Your objective: Within the entries below, output exactly the lines between the line containing "Asiatischer kleiner Otter Stockfoto" and the line containing "HD Photo LWP-APP點子", inclusive, and omit any picture.

Task data:
****************

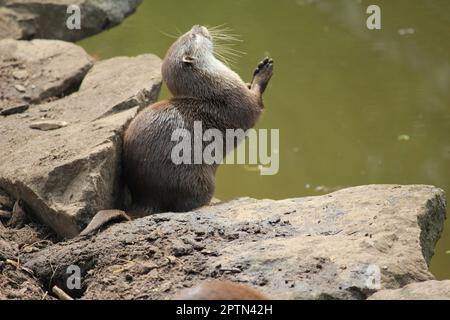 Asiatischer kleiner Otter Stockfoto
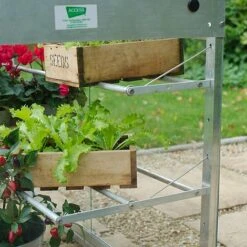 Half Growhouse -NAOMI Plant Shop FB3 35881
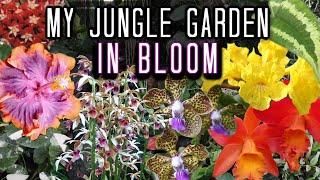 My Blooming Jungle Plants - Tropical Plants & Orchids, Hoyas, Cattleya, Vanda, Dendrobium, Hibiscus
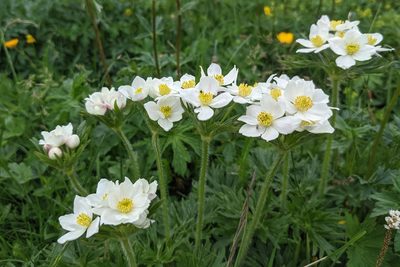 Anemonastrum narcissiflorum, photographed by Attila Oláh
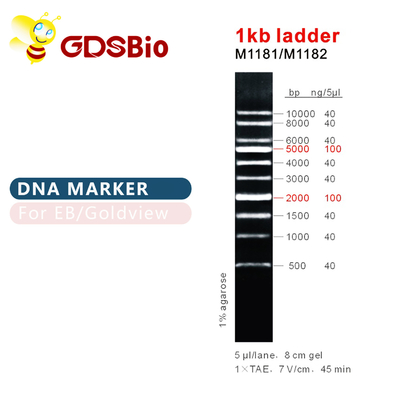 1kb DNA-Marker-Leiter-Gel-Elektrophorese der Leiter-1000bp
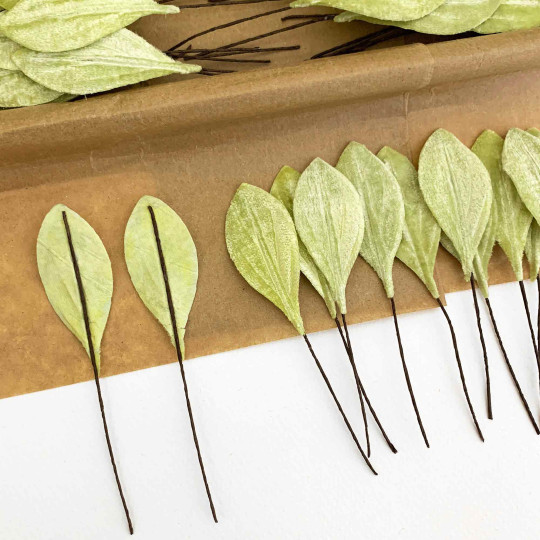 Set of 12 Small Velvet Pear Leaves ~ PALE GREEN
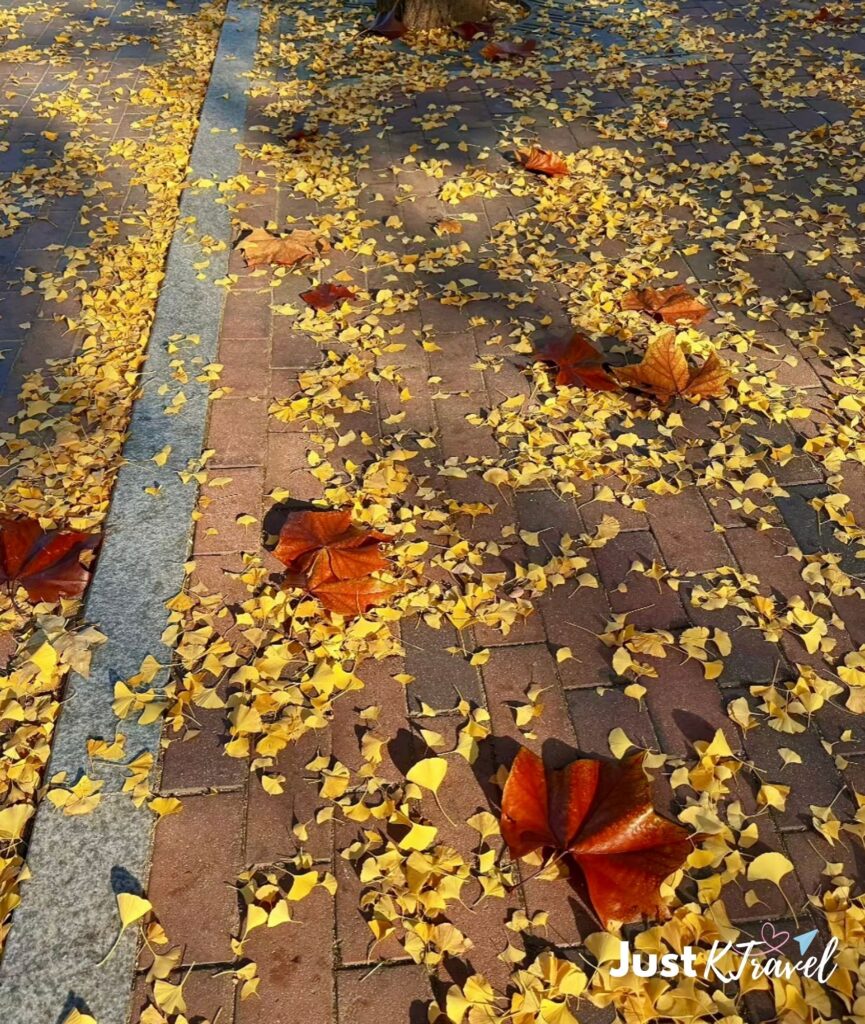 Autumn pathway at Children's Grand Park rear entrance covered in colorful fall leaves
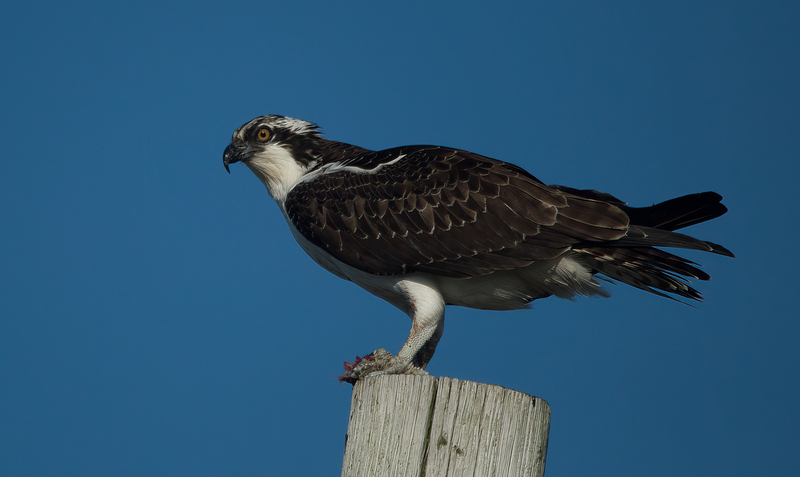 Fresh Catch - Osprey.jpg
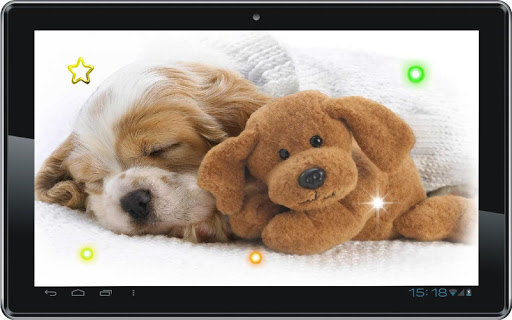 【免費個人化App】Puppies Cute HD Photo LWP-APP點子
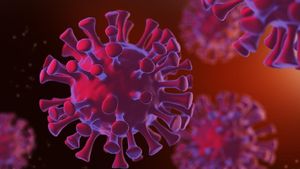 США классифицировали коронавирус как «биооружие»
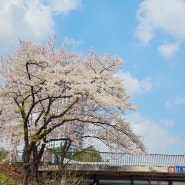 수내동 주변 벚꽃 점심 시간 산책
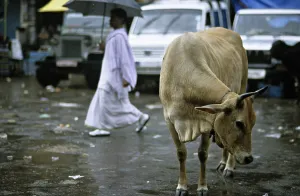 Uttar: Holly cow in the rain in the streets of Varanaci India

****************

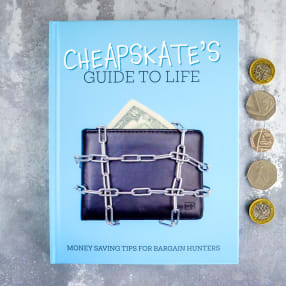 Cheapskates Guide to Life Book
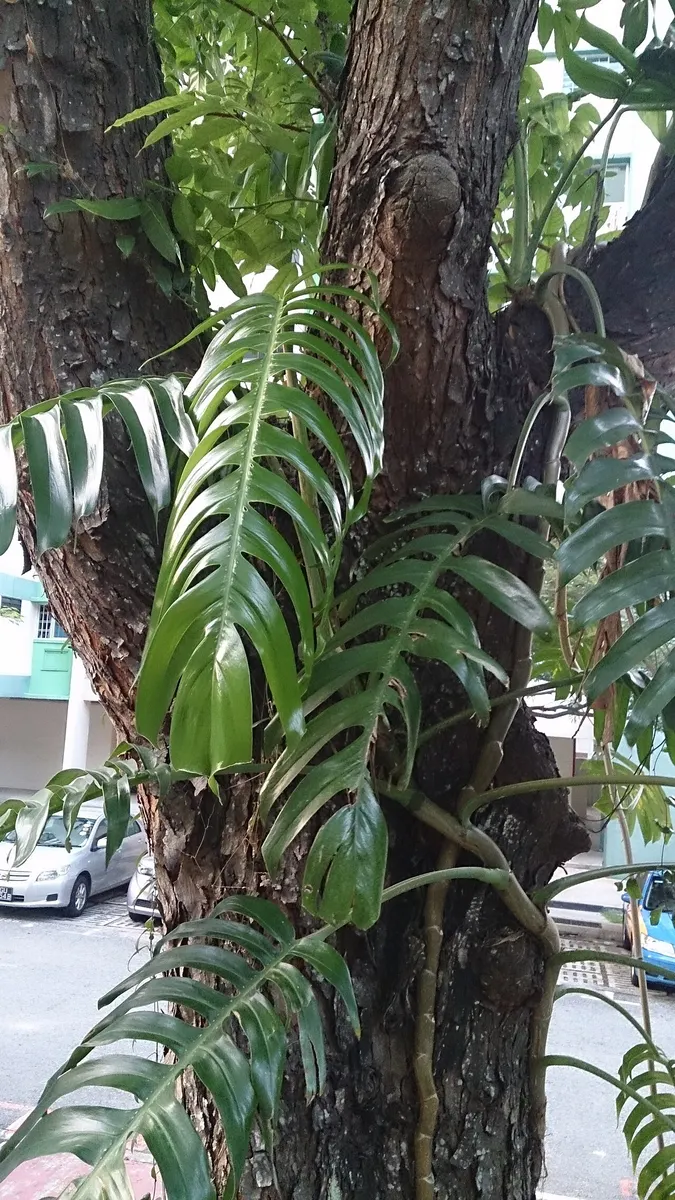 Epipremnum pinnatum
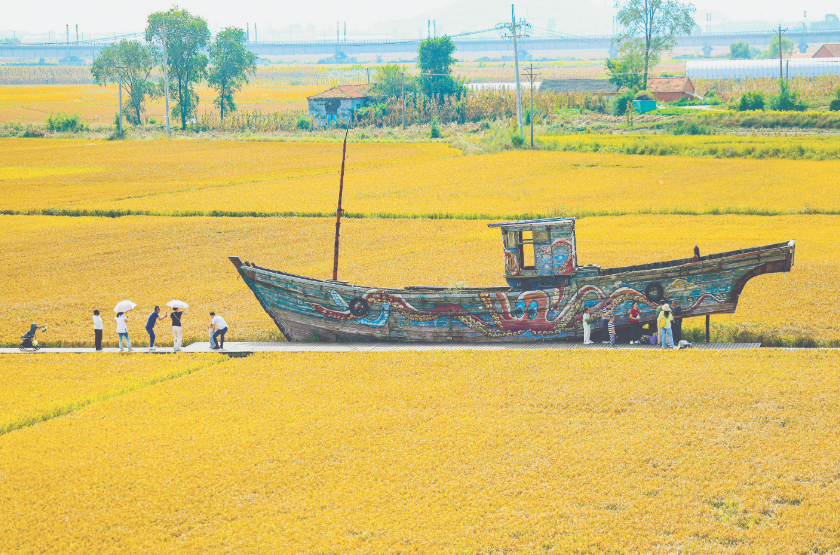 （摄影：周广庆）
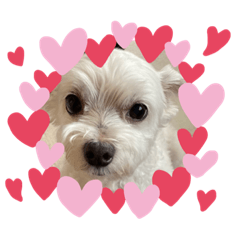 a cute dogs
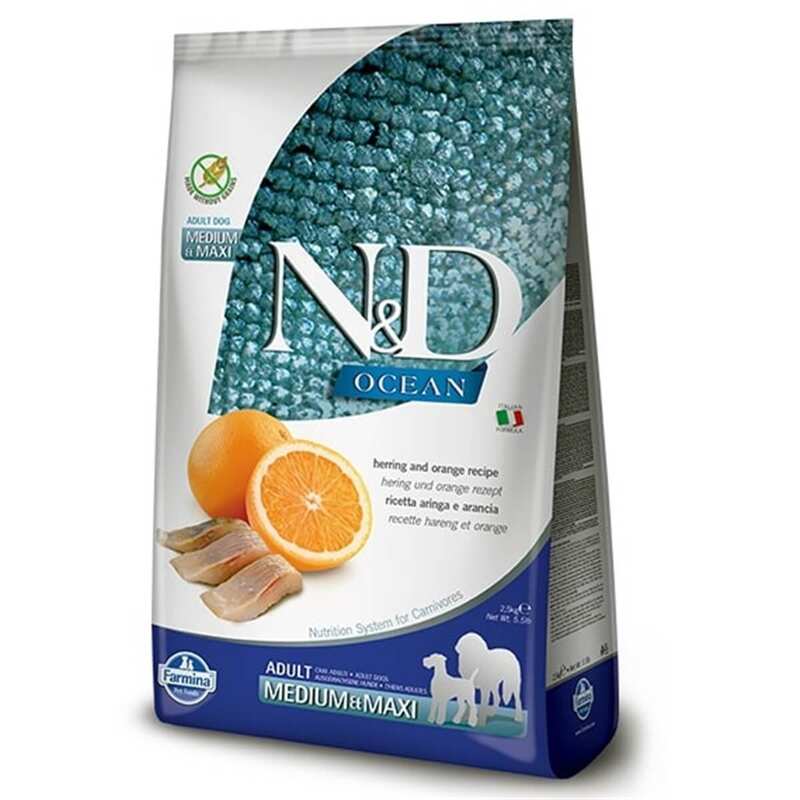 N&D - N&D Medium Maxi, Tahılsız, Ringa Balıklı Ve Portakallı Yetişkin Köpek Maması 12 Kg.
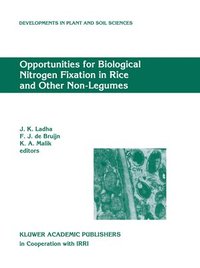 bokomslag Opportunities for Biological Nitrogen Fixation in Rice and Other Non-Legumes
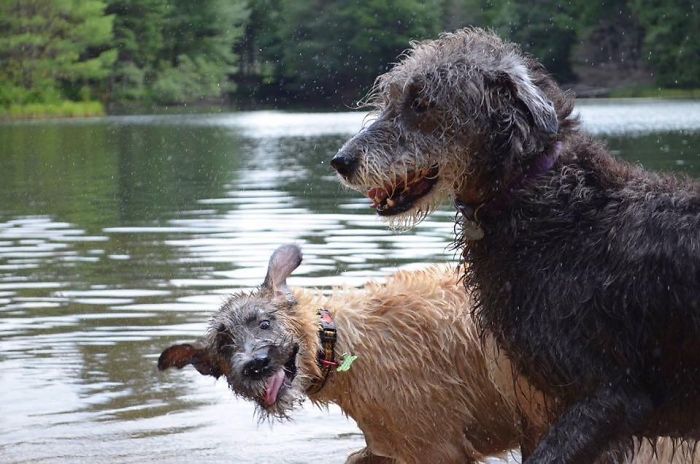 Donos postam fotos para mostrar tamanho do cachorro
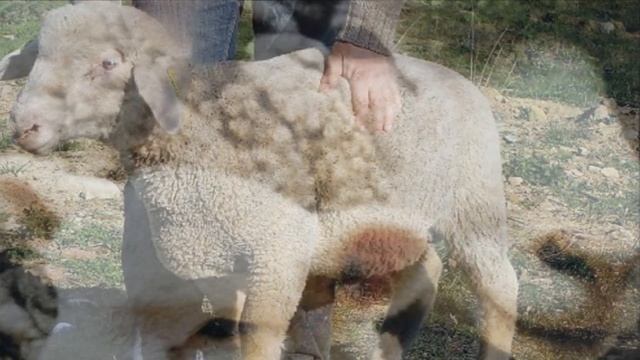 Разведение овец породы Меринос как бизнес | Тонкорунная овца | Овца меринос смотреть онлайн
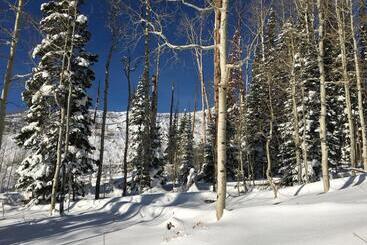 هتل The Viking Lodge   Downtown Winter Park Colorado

****************

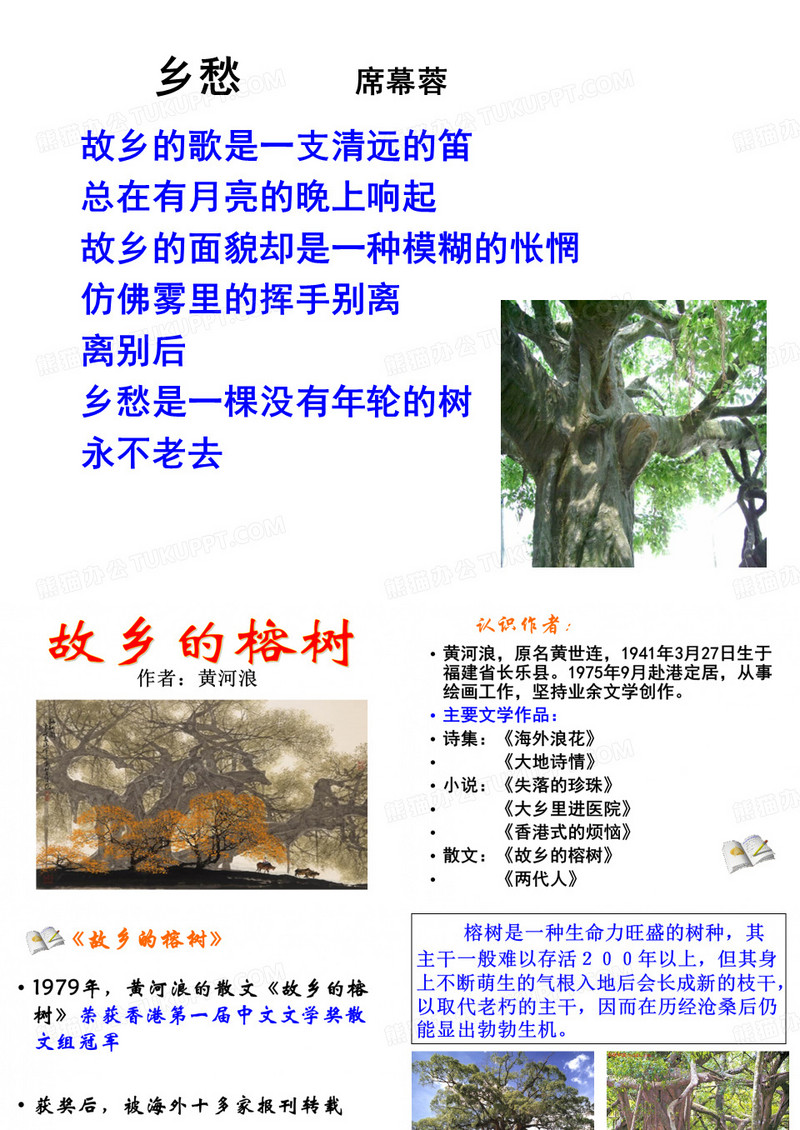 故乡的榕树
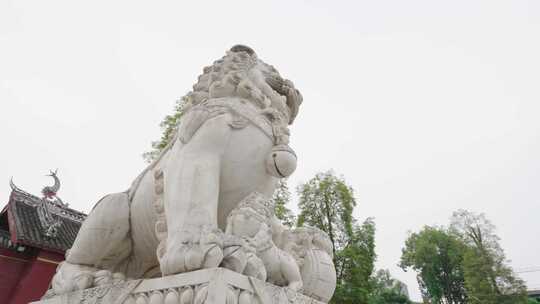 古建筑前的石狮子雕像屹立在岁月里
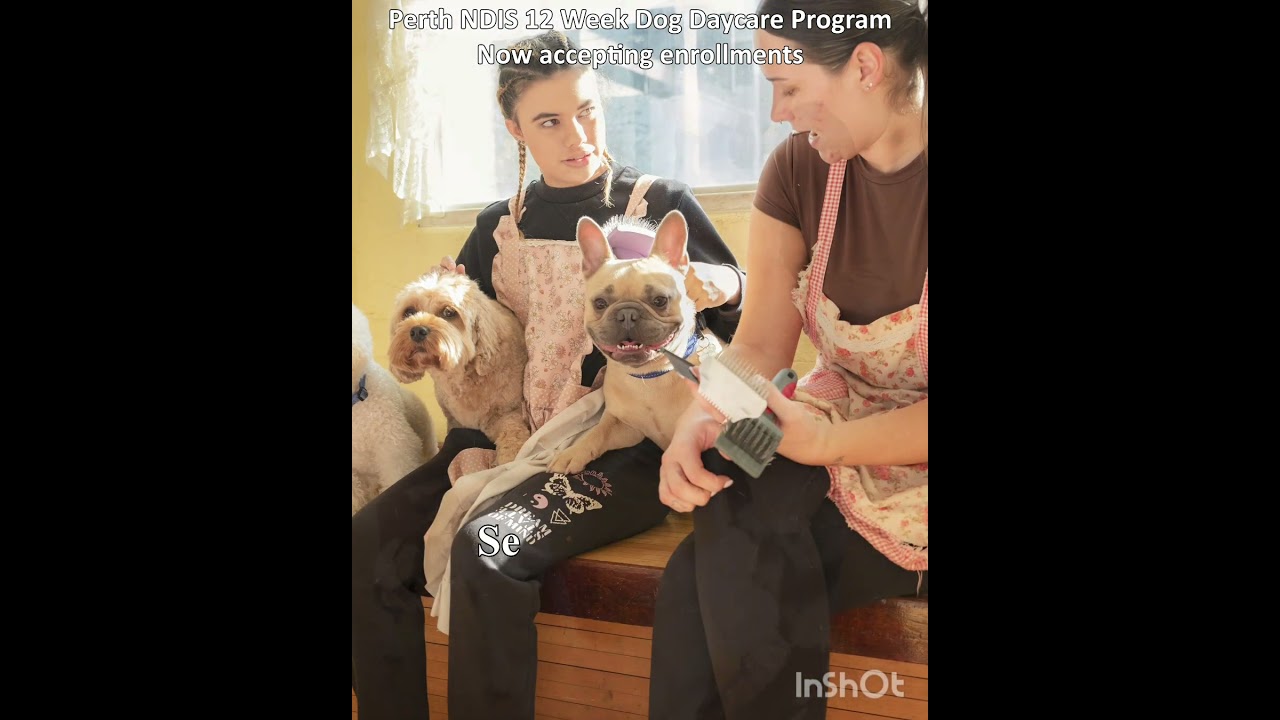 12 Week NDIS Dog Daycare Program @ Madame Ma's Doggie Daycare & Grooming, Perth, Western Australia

****************

Result for this exercise:
 Asiatischer kleiner Otter Stockfoto
 Half Growhouse -NAOMI Plant Shop FB3 35881
 My Blooming Jungle Plants - Tropical Plants & Orchids, Hoyas, Cattleya, Vanda, Dendrobium, Hibiscus
 Anemonastrum narcissiflorum, photographed by Attila Oláh
 1kb DNA-Marker-Leiter-Gel-Elektrophorese der Leiter-1000bp
 Set of 12 Small Velvet Pear Leaves ~ PALE GREEN
 Autumn pathway at Children's Grand Park rear entrance covered in colorful fall leaves
 Fresh Catch - Osprey.jpg
 【免費個人化App】Puppies Cute HD Photo LWP-APP點子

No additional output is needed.